# [Exercise objective]
A faithful copy of each entry below is expected, with the images removed.
+++ Records provided +++
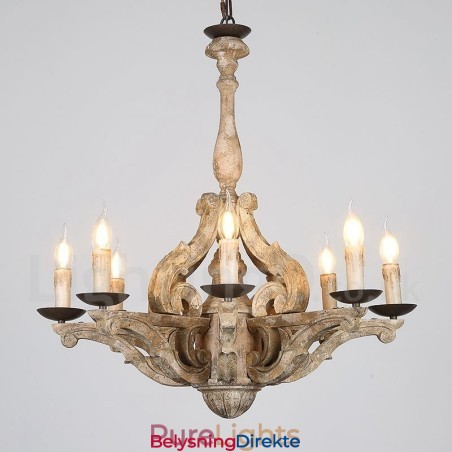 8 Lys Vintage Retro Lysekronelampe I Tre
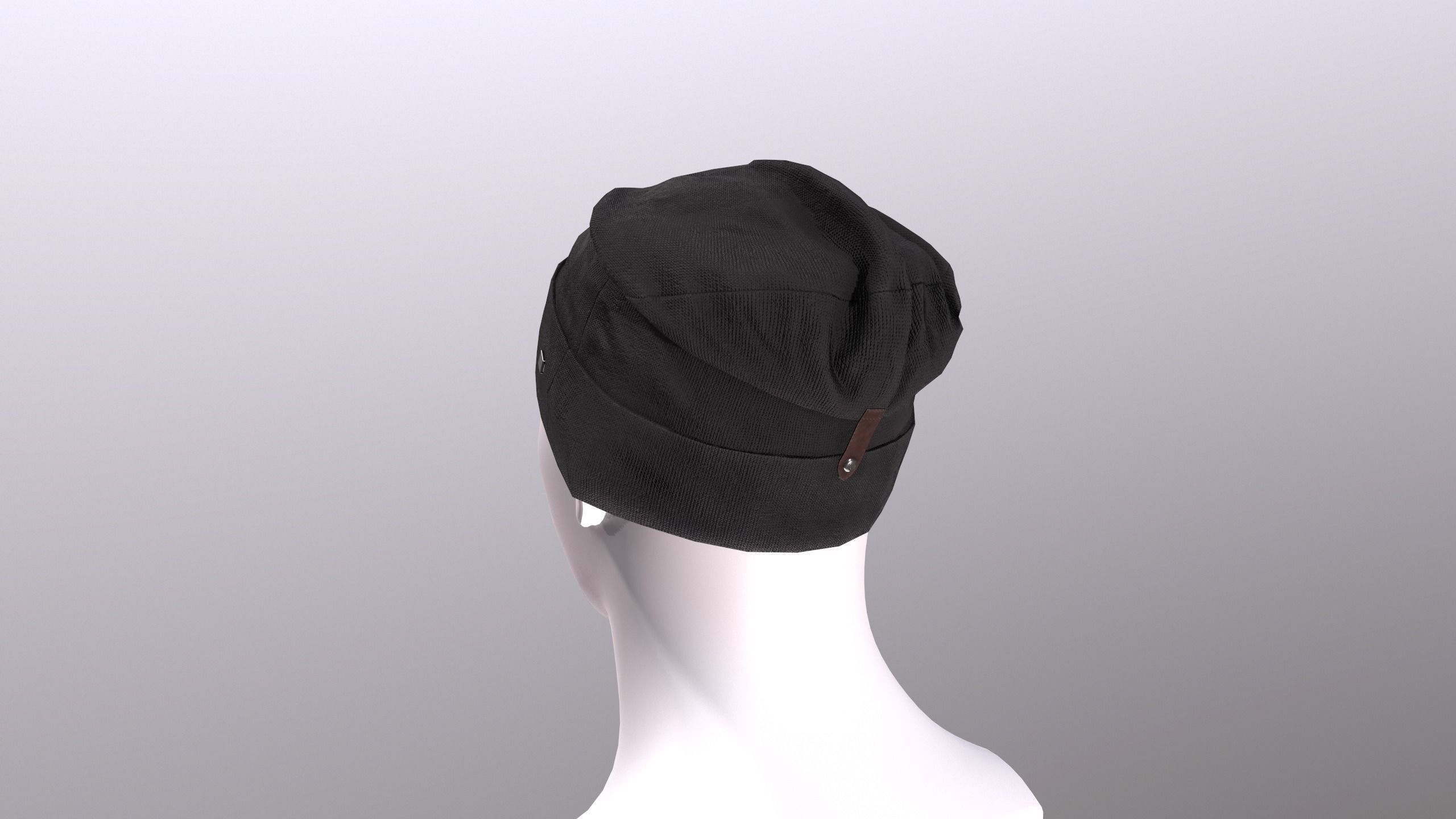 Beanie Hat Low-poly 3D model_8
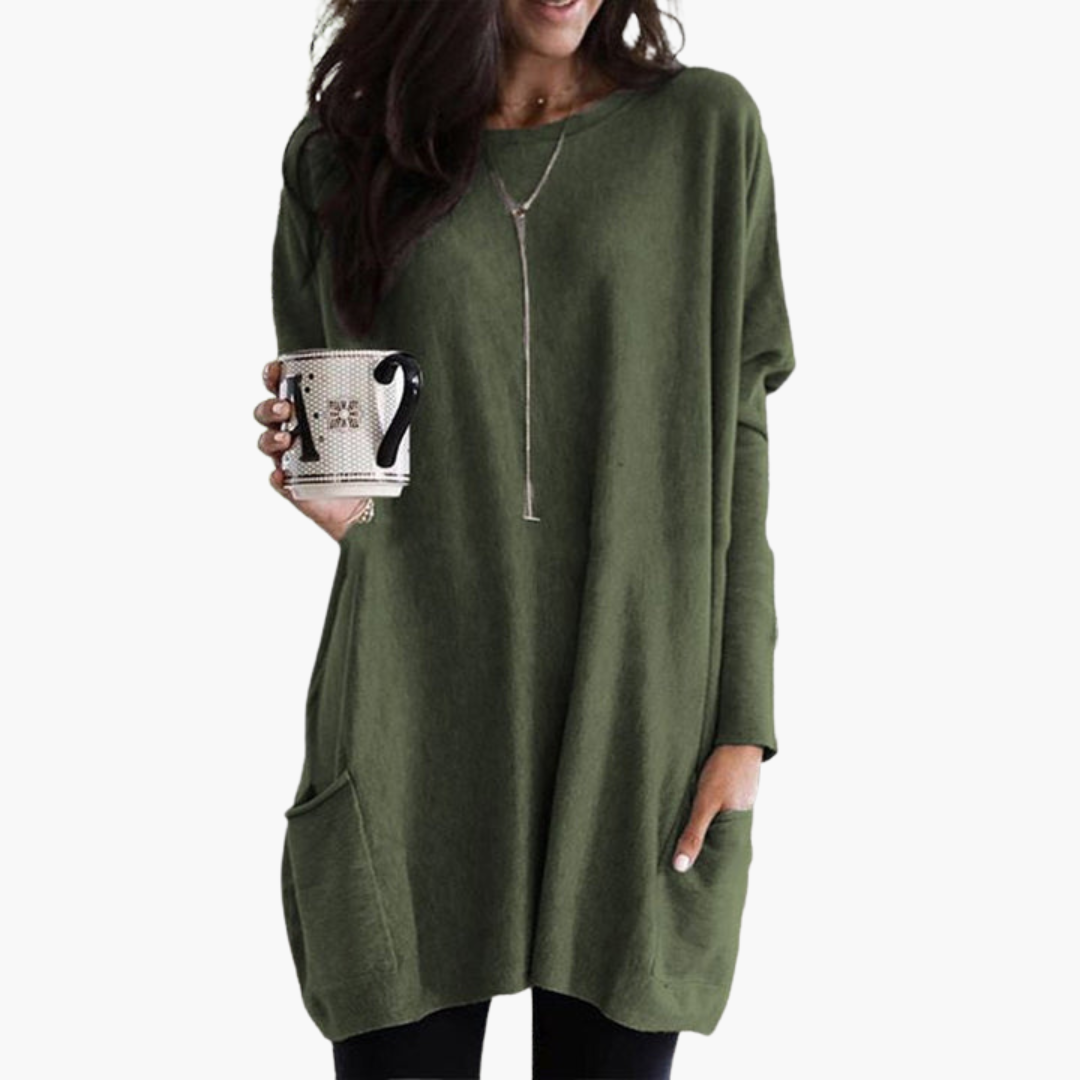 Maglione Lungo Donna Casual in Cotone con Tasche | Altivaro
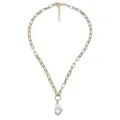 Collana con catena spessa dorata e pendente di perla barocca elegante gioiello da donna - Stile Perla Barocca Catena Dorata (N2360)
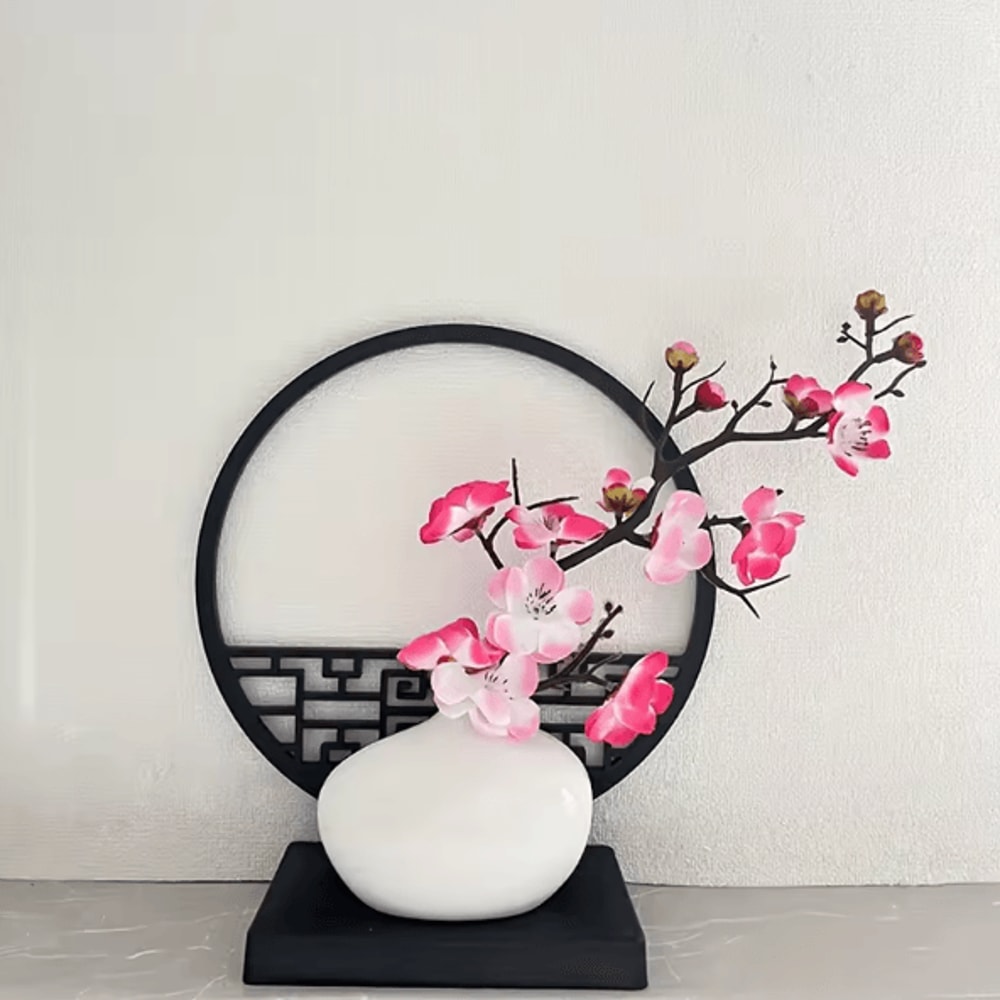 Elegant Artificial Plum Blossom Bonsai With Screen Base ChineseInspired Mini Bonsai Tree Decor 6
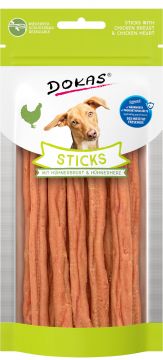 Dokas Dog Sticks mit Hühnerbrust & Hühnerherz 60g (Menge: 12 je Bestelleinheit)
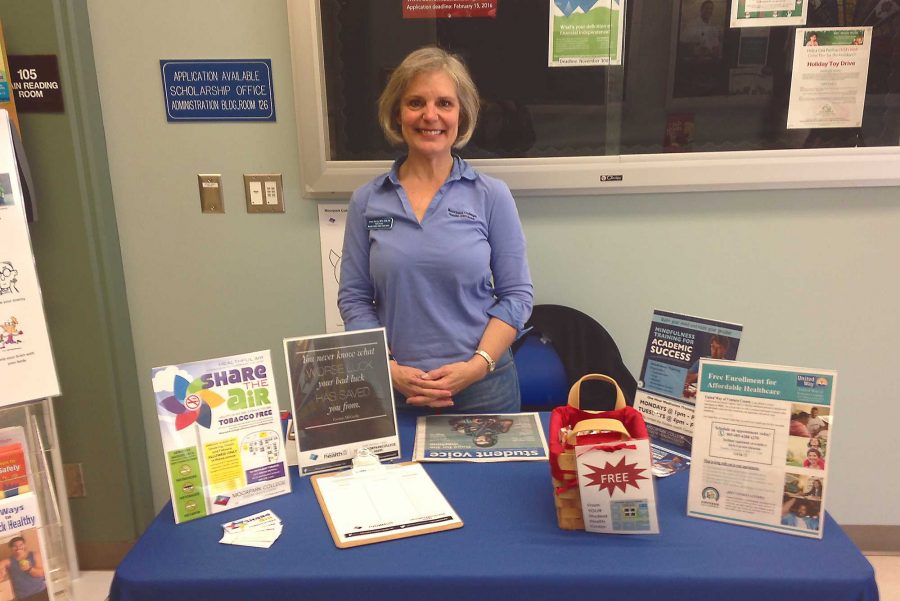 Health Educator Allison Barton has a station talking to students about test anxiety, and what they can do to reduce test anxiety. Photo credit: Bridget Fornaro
+++
# [Response for this exercise]
 8 Lys Vintage Retro Lysekronelampe I Tre
 Beanie Hat Low-poly 3D model_8
 Maglione Lungo Donna Casual in Cotone con Tasche | Altivaro
 Collana con catena spessa dorata e pendente di perla barocca elegante gioiello da donna - Stile Perla Barocca Catena Dorata (N2360)
 Elegant Artificial Plum Blossom Bonsai With Screen Base ChineseInspired Mini Bonsai Tree Decor 6
 Dokas Dog Sticks mit Hühnerbrust & Hühnerherz 60g (Menge: 12 je Bestelleinheit)
 Health Educator Allison Barton has a station talking to students about test anxiety, and what they can do to reduce test anxiety. Photo credit: Bridget Fornaro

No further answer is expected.